:: Data listing ::

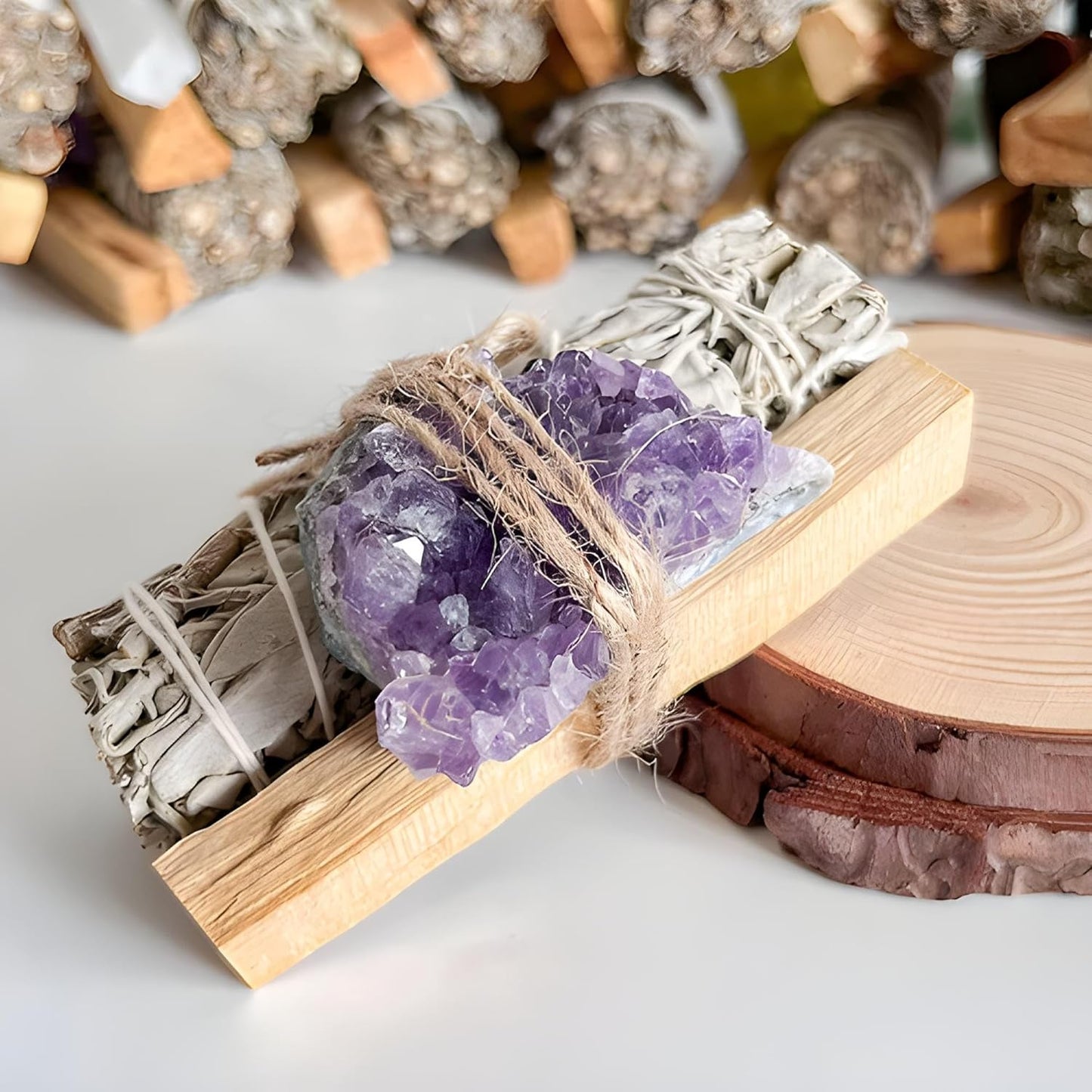 Premium California White Sage (1) & Palo Santo Smudge Sticks (1) with Healing Crystals (1) - Natural Energy Cleansing for Home.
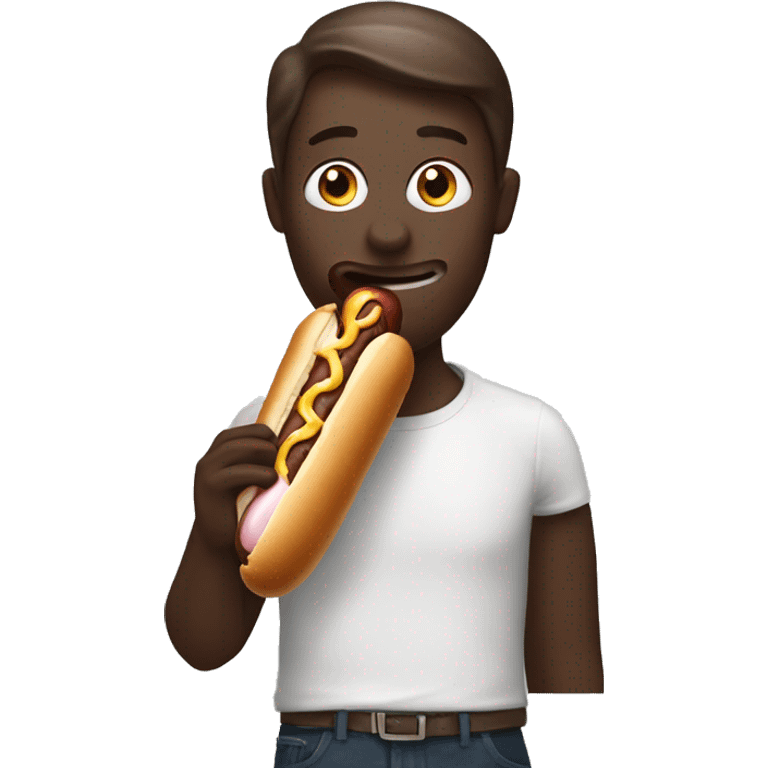 Chocolate ice cream eating hot dog emoji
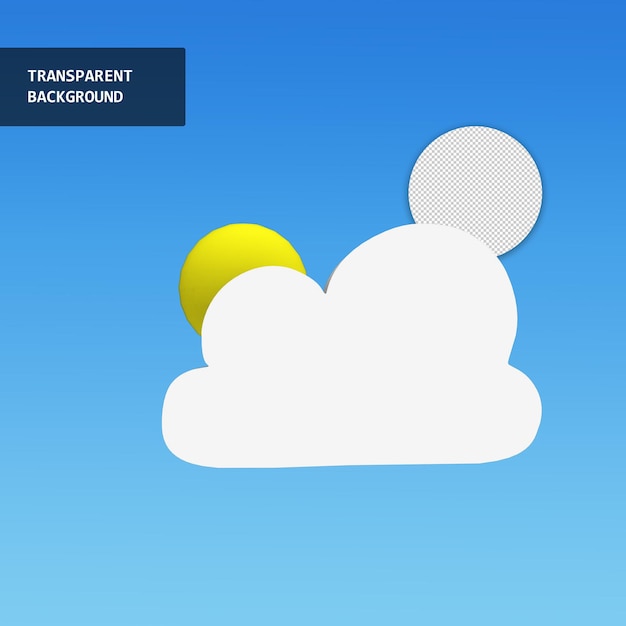 White cloud and sun icon in transparent background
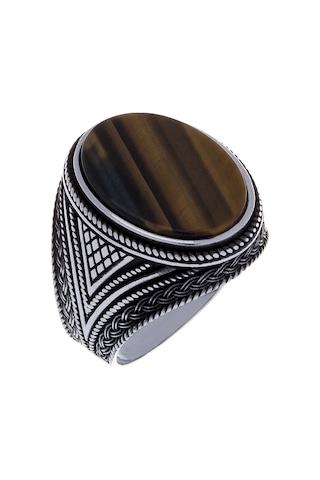 925 Ayar Gümüş Kaplangözü Taşlı Örgü Model Yüzük Küçük Boy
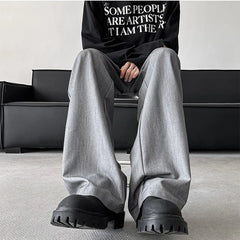 HEARUJOY  -  Elastic Waist Suit Pants Men Fashion Society Pants man solid thin New Korean Loose Straight Casual Pants Mens Office Trousers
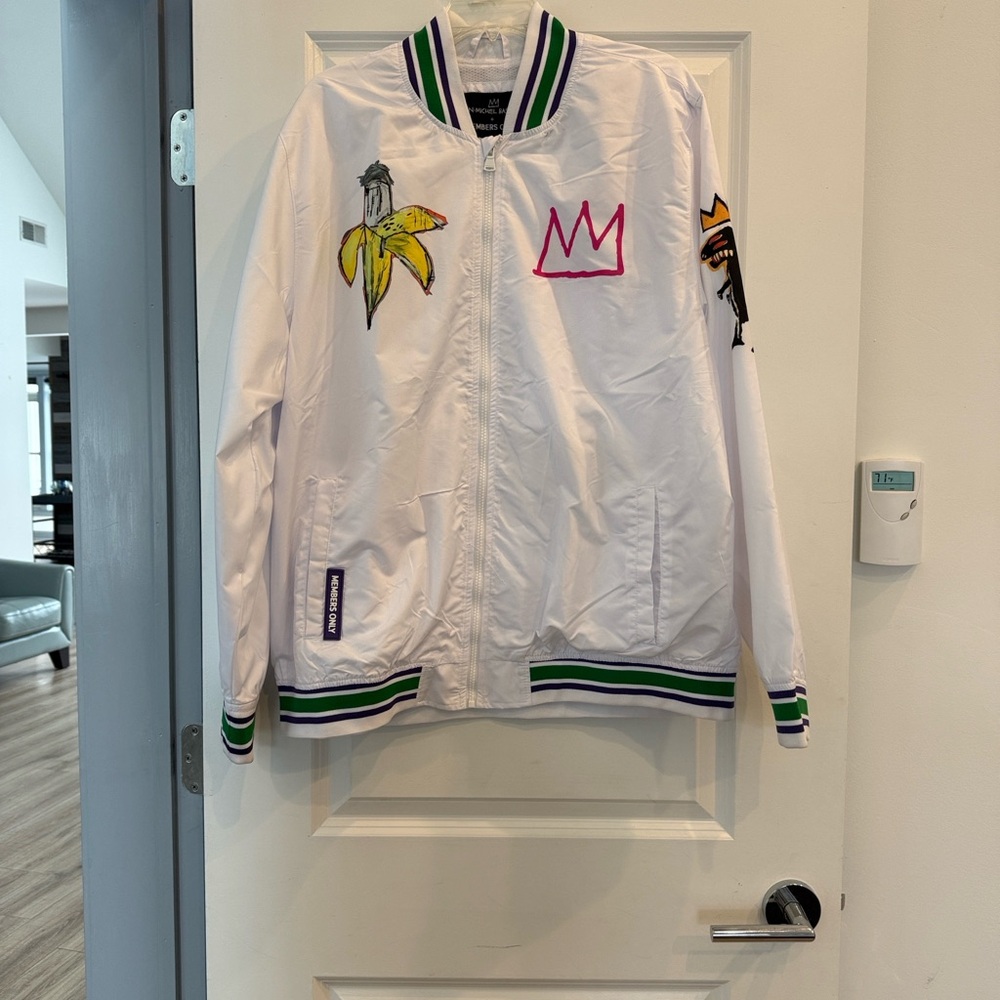 Members Only x Jean Michel Basquiat Graphics Bomber Windbreaker Jacket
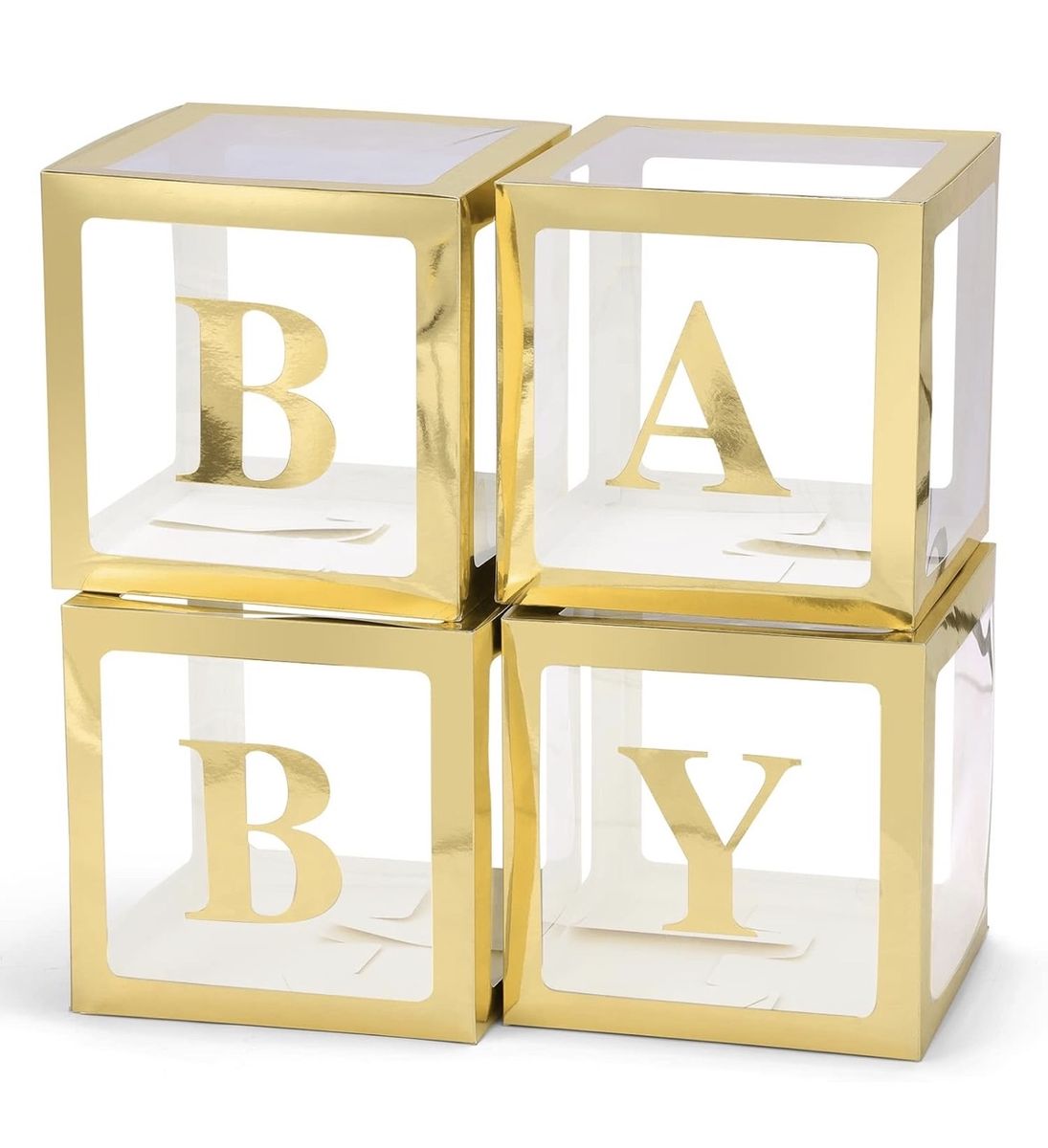 Gold BABY Balloon Boxes 11.8" for Baby Showers, Birthday Parties, Gender Reveals, Photo Props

:::

- [Task instructions] The answer must be the lines above from the line that contains "Mens Office Trousers" to the final line of the data, word for word, with no pictures.

- [Reply to the task]
 HEARUJOY  -  Elastic Waist Suit Pants Men Fashion Society Pants man solid thin New Korean Loose Straight Casual Pants Mens Office Trousers
 Members Only x Jean Michel Basquiat Graphics Bomber Windbreaker Jacket
 Gold BABY Balloon Boxes 11.8" for Baby Showers, Birthday Parties, Gender Reveals, Photo Props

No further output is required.